== Task data ==
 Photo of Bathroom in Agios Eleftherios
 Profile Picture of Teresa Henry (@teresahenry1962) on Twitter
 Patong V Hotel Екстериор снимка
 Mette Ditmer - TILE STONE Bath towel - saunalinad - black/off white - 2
===
== Task data ==
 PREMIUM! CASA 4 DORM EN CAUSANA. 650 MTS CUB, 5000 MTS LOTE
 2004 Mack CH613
===
Exercise
Retype, in the same exact form, the lines of the material above from the line holding "PREMIUM! CASA 4" through the line holding "2004 Mack CH613".

Exercise output
 PREMIUM! CASA 4 DORM EN CAUSANA. 650 MTS CUB, 5000 MTS LOTE
 2004 Mack CH613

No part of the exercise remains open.